[Problem details]
Reproduce the full listing as it stands. Images do not belong in the copy.

[Materials provided]

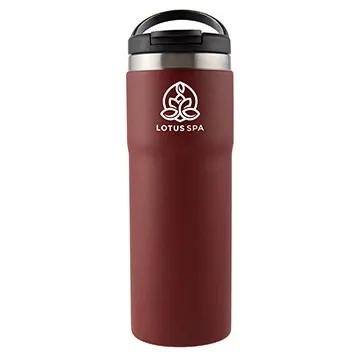 Insulated Water Bottle with Carrying Handle - 20 oz - product view 10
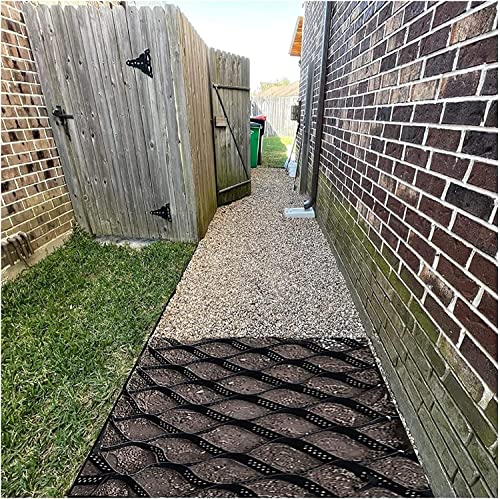 ROBAUN Garden Retaining Wall Grid Bodengitter, Erbsenkiesgitter, Pflasterstabilisator, 5,1 cm Tiefe, Auffahrtsstabilisierung, Böschungsgitter for Gartenwege, Auffahrt(2x9m/6.5x29.5ft) von ROBAUN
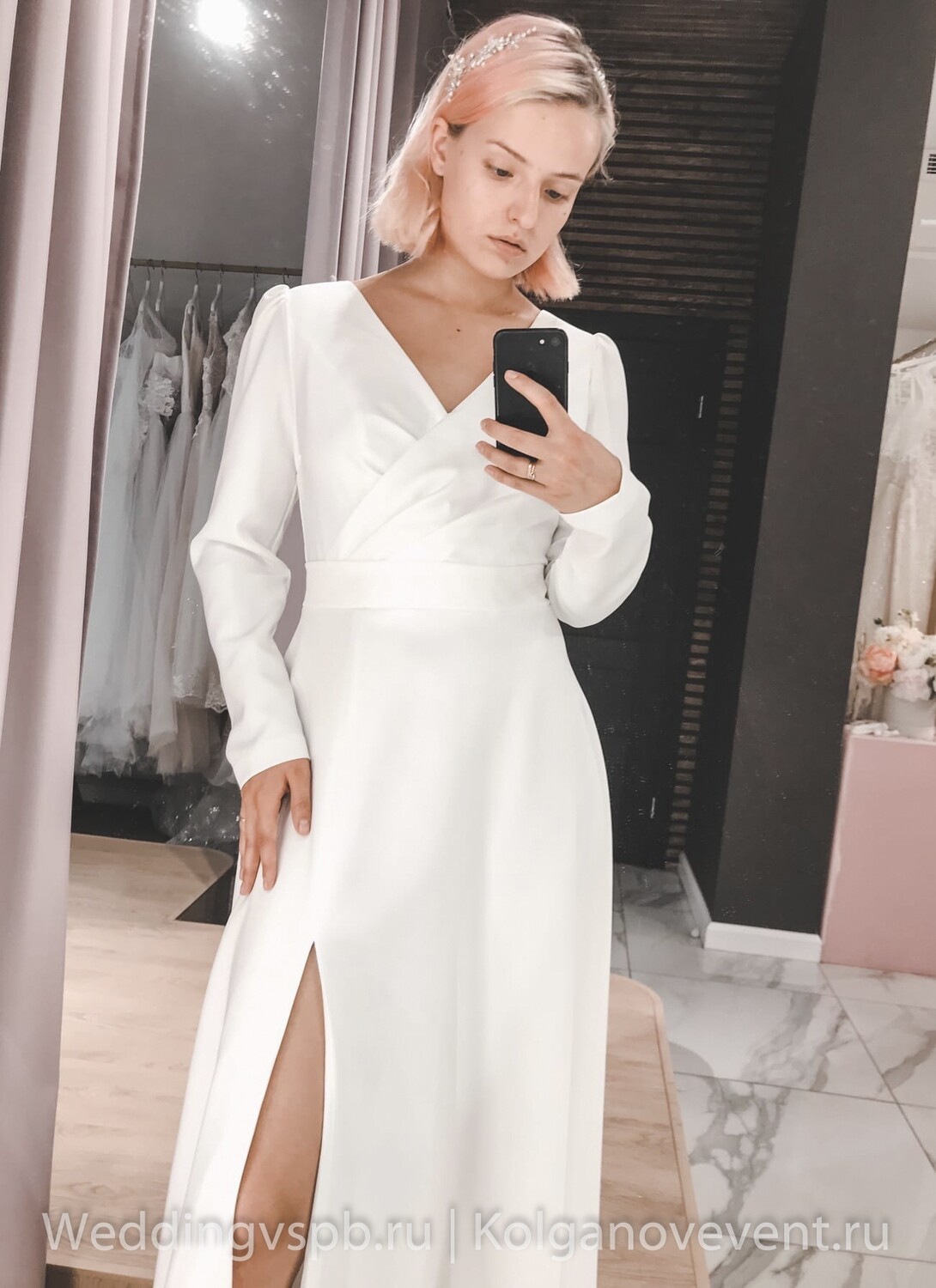 Свадебное платье "Анет" (50 размер)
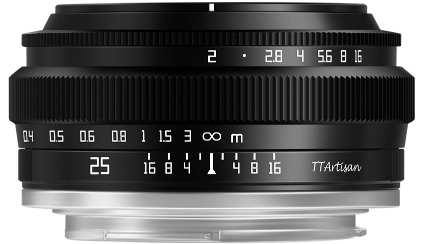 TTartisan 25mm f/2 Fujifilm
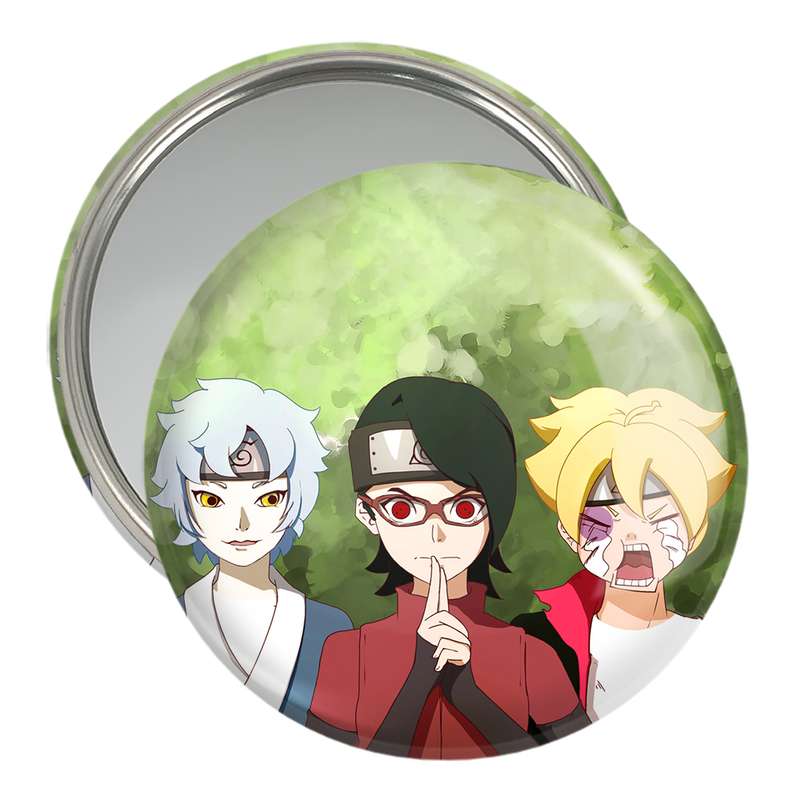آینه جیبی خندالو مدل سارادا و بوروتو و میتسوکی انیمه بوروتو Boruto  کد 15724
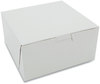 A Picture of product SCH-1505 SCT® White One-Piece Non-Window Bakery Boxes Standard, 3 x 6 Paper, 250/Carton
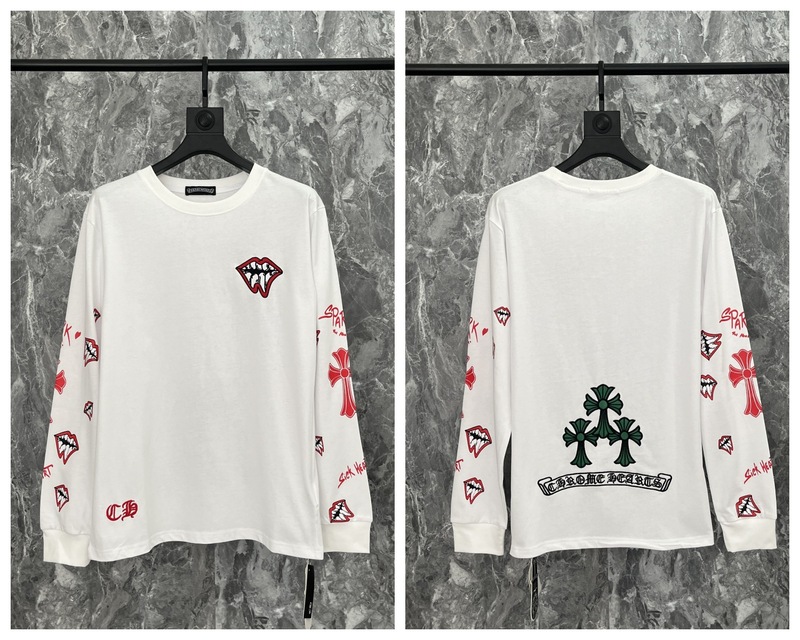 Dujia バージョン 24SS 新 CH クロス馬蹄サンスクリットプリント長袖男性と女性のクロスボーダー卸売|undefined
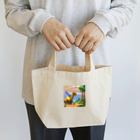 オカメインコのタロのドット絵マイアサウラ Lunch Tote Bag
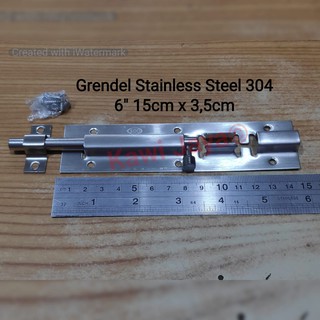 Grendel Pintu Kamar Mandi Lemari SS Stainless Steel 304 2 Grendel Pintu Kamar Mandi Lemari SS Stainless Steel 304 2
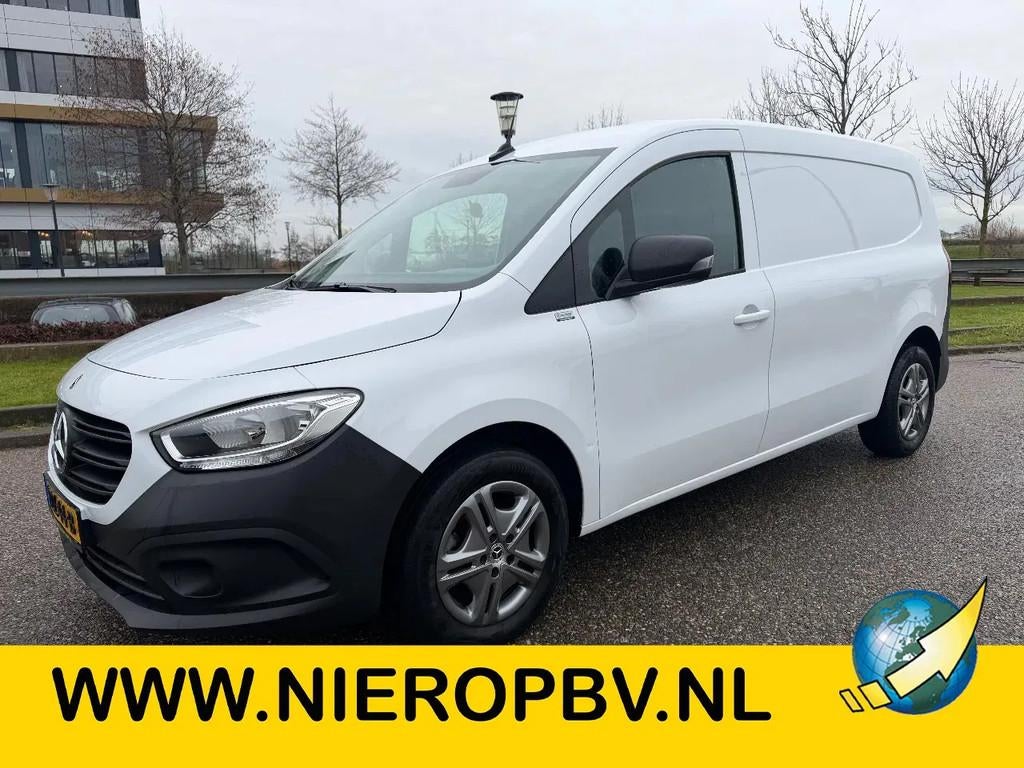 Mercedes-Benz Citan 110CDI L2H1 PRO Automaat Airco Cruisecon, Auto's, Bestelauto's, Gebruikt, Euro 6, Wit, Bedrijf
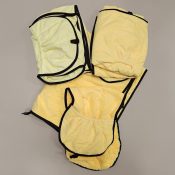 Budget handdoek hond geel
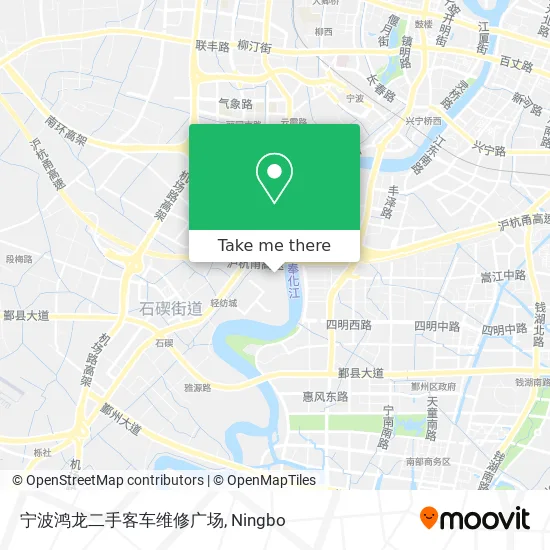 宁波鸿龙二手客车维修广场 map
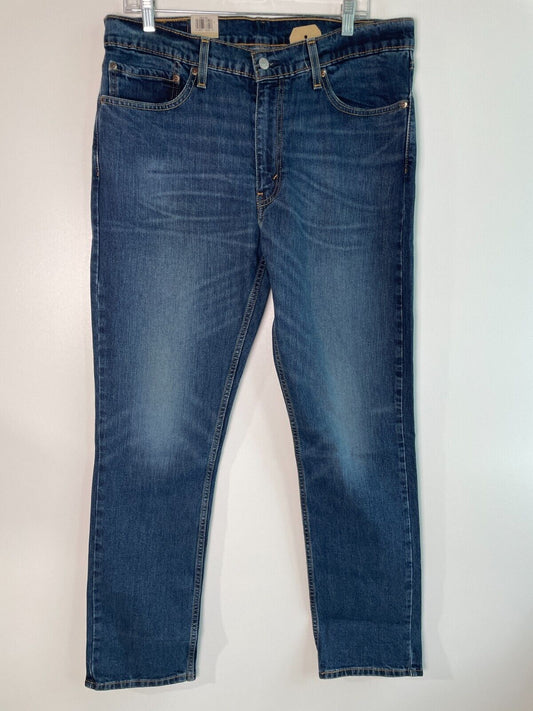 Levi Strauss 511 Mens 36x32 Slim Fit Jeans Throttle Blue Dark Wash Denim Pant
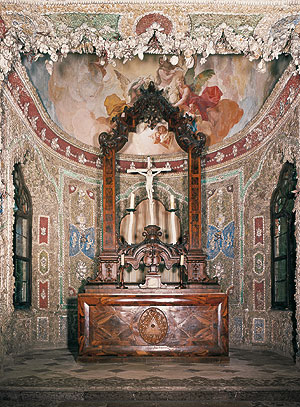 Bild: Altarnische in der Kapelle
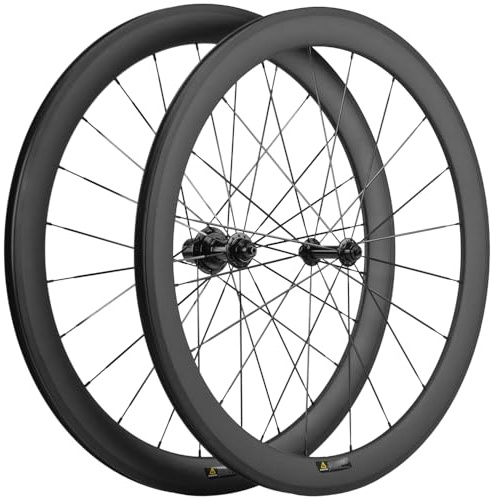 Superteam Carbon Fiber Road Bike Wheels 50mm Clincher Wheelset 700c Racing Bike Wheel (Shimano Body)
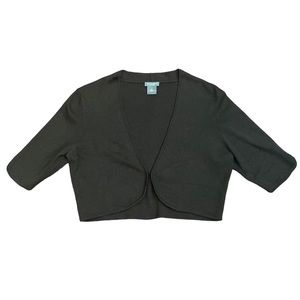 Ann Taylor Petites Chocolate Brown Silk Blend Shrug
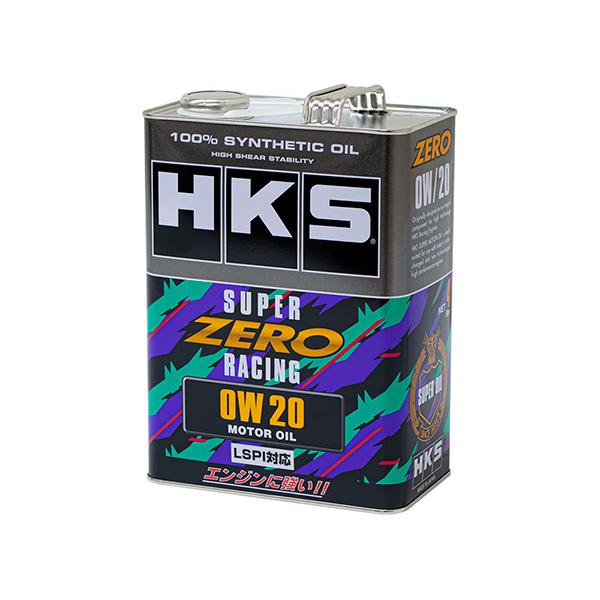 【HKS】スーパーゼロレーシング 0W20 4L缶 (LSPI対応)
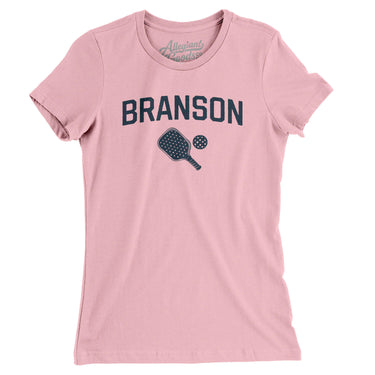 Branson Pickleball Women's T-Shirt-Light Pink-Allegiant Goods Co. Vintage Sports Apparel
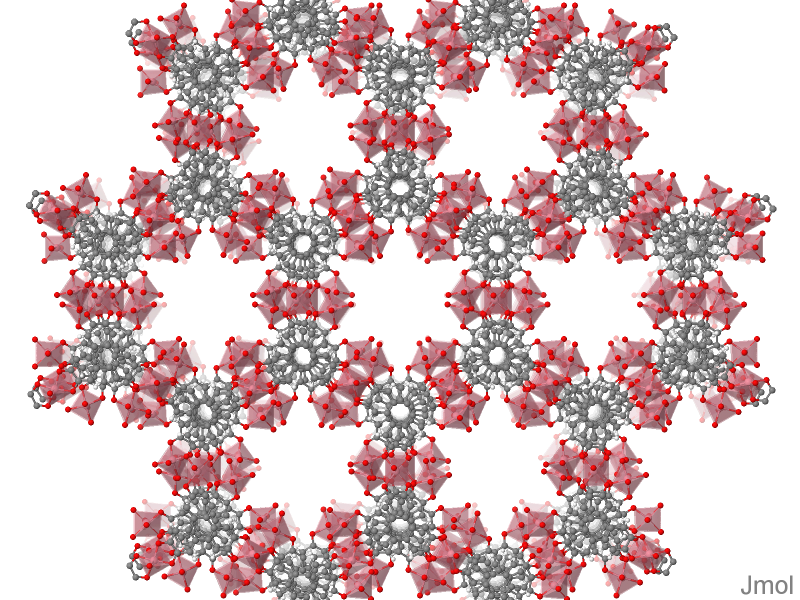 A snapshot of the MOF structure of CAT-1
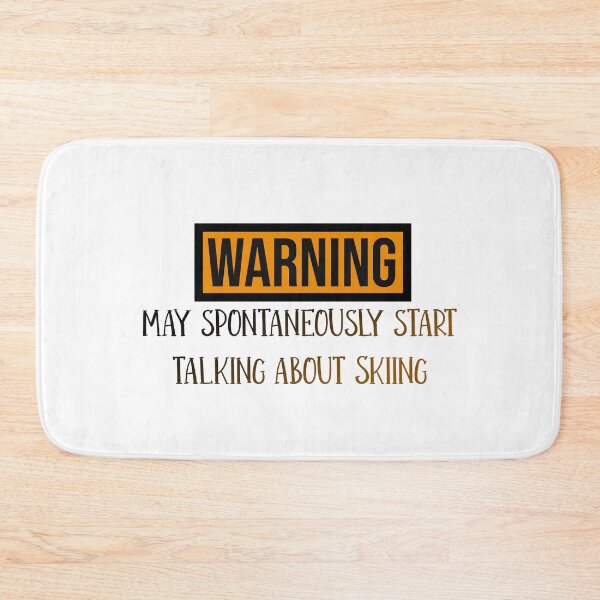 Item preview, Warning May Spontaneously start talking about skiing designed and sold by ErmessThiings.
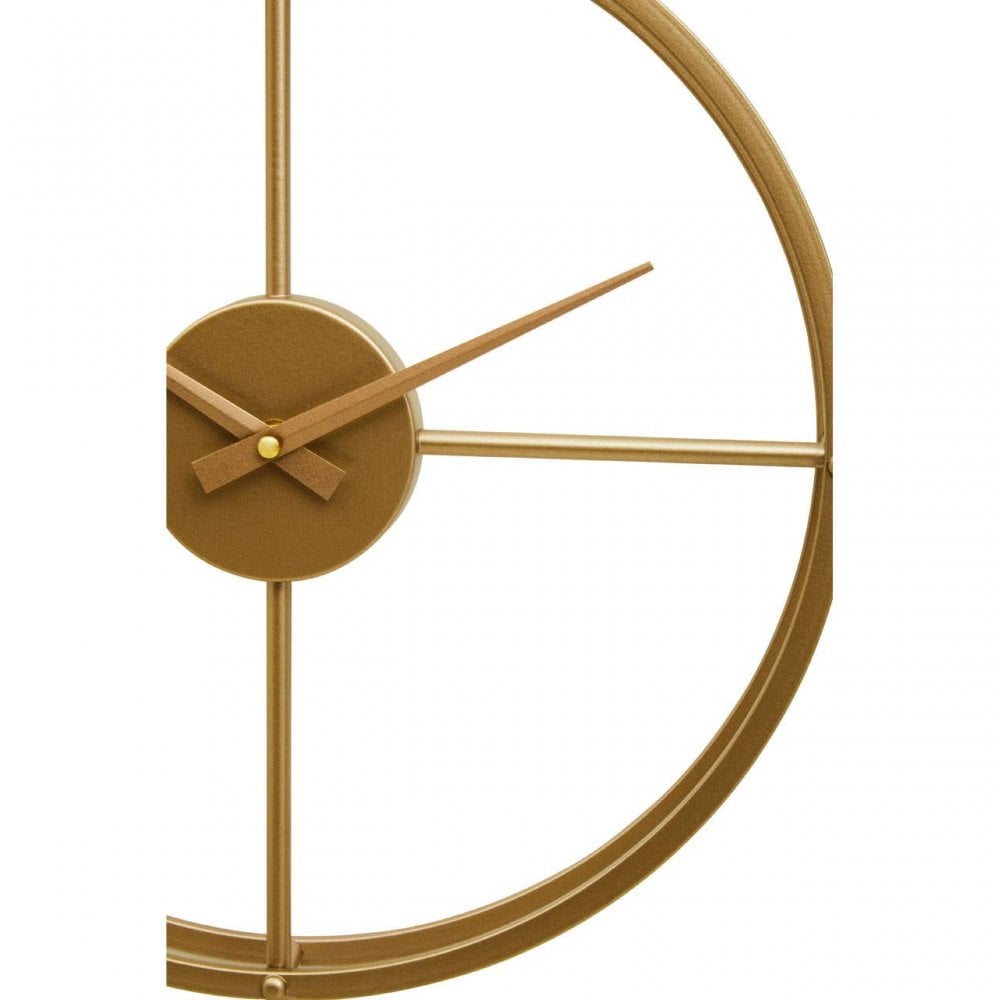 Kent Gold Finish Wall Clock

[Result of the exercise]
 Insulated Water Bottle with Carrying Handle - 20 oz - product view 10
 ROBAUN Garden Retaining Wall Grid Bodengitter, Erbsenkiesgitter, Pflasterstabilisator, 5,1 cm Tiefe, Auffahrtsstabilisierung, Böschungsgitter for Gartenwege, Auffahrt(2x9m/6.5x29.5ft) von ROBAUN
 Свадебное платье "Анет" (50 размер)
 TTartisan 25mm f/2 Fujifilm
آینه جیبی خندالو مدل سارادا و بوروتو و میتسوکی انیمه بوروتو Boruto  کد 15724
 A Picture of product SCH-1505 SCT® White One-Piece Non-Window Bakery Boxes Standard, 3 x 6 Paper, 250/Carton
 Dujia バージョン 24SS 新 CH クロス馬蹄サンスクリットプリント長袖男性と女性のクロスボーダー卸売|undefined
 オカメインコのタロのドット絵マイアサウラ Lunch Tote Bag
 Grendel Pintu Kamar Mandi Lemari SS Stainless Steel 304 2 Grendel Pintu Kamar Mandi Lemari SS Stainless Steel 304 2
 Mercedes-Benz Citan 110CDI L2H1 PRO Automaat Airco Cruisecon, Auto's, Bestelauto's, Gebruikt, Euro 6, Wit, Bedrijf
 Budget handdoek hond geel
 宁波鸿龙二手客车维修广场 map
 Levi Strauss 511 Mens 36x32 Slim Fit Jeans Throttle Blue Dark Wash Denim Pant
 Bild: Altarnische in der Kapelle
 Superteam Carbon Fiber Road Bike Wheels 50mm Clincher Wheelset 700c Racing Bike Wheel (Shimano Body)
 Ann Taylor Petites Chocolate Brown Silk Blend Shrug
 【HKS】スーパーゼロレーシング 0W20 4L缶 (LSPI対応)
 Branson Pickleball Women's T-Shirt-Light Pink-Allegiant Goods Co. Vintage Sports Apparel
 A snapshot of the MOF structure of CAT-1
 Item preview, Warning May Spontaneously start talking about skiing designed and sold by ErmessThiings.
 Kent Gold Finish Wall Clock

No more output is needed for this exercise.